DynamoDB offered by Amazon pioneered the idea of Eventual Consistency as a way to achieve higher availability and scalability.
Big dataset is broken in chunks and these chunks are then sent to different machines. Some replicas of these chunks also sent to these machines to address fault-tolerance. So the two requirements which we need to deal with here are:-
- We need to ensure High Availability, so if something goes wrong data is still available(Replicas address this).
- We want to Support updates. If changes are made in some chunk on a machine, these changes need to be propagated to the replicas of chunk as well present on other machines.

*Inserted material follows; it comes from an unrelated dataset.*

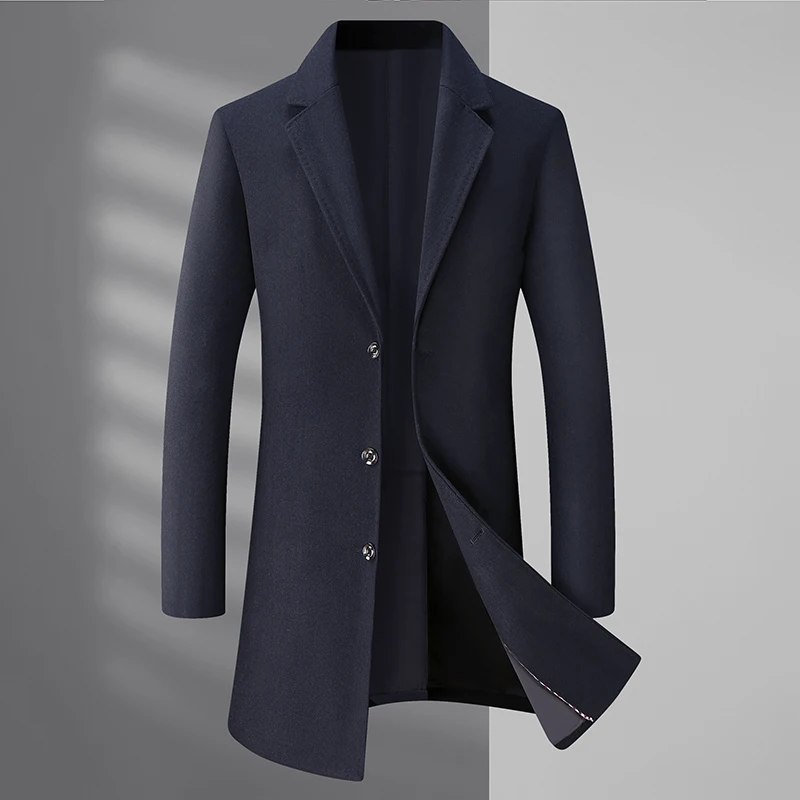 

（L-8XL) High Quality Men's Fat Coat Autumn and Winter Fashion Handsome All-in-one Long Casual Plus Fat Dad Suit Warm Wool Coat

Eventual consistency serves the problem of updates. Data fetched are not guaranteed to be up to date but Eventual Consistency claims that updates are guaranteed to be propagated to all the nodes eventually. If no immediate update is made after an update all replicas converge towards identical copies. What application sees in the meantime is sensitive to replication mechanics and is difficult to predict.
Let us understand how Eventual Consistency is achieved through Vector Clocks. Vector Clocks detect conflicts in a concurrent read-write scenario but don’t do anything about them automatically.

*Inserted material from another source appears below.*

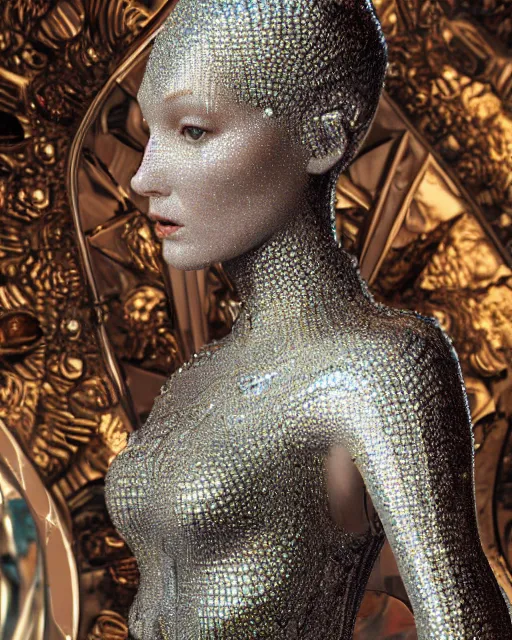 Image similar to a highly detailed metahuman 4 k close up render of an alien goddess bella hadid monument sacred in iris van herpen dress schiaparelli in diamonds crystals swarovski and jewelry iridescent in style of alphonse mucha gustav klimt trending on artstation made in unreal engine 4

Each data item is associated with the list of (server, timestamp) pairs indicating its version history.
- A client reads D0 item and writes back D1 item handled by server SX. (Vector Clock- D1([SX,1])) (where D1- data item, SX- server, 1- timestamp)
- Another client reads D1, writes back D2 which is also handled by server SX. (Vector Clock- D2([SX,1] ,[SX,2])). Since a client from same server updates the data item later so the D2 value is kept and D1 can be garbage collected. Hence vector clock is D2([SX,2])

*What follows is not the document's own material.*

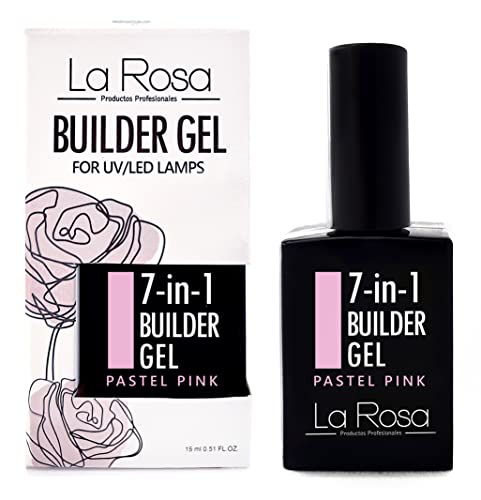 La Rosa 7-in-1 BUILDER GEL in a Bottle - UV Gel - NUDE for nail design and nail art, Nail Easy-To-Use Extension Builder, Cover gel - 15 ml (Light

- Now two independent clients read D2 and write back different values. One at server Y writes back D3 and one at server Z writes back D4. Since these requests are made by different servers these instances get recorded. (Vector Clocks – D3([SX,2],[SY,1]) and D4([SX,2],[SZ,1]))
- Now if another read request comes in from a client in Server SX, a conflict will occur because there’s a same timestamp but different servers and then the Server SX will then report the conflict. Conflict resolution is done either by Last write Wins or is application specific.
In reality these timestamps are not such integers but actual clock values. So the server will read that vector clock with greater timestamp value as it is the most recent update.
Important Note– Vector clocks conflict when all values in one clock are not later than or equal to all values in other clock. So the vector clock [(SX,A),(SY,B),(SZ,C)] does not conflict with vector clock [(SX,D),(SY,E),(SZ,F)] if and only if [A≤D, B≤E and C≤F] or [D≤A, E≤B and F≤C]. If a server has no entry in a specific clock, assume its timestamp to be zero.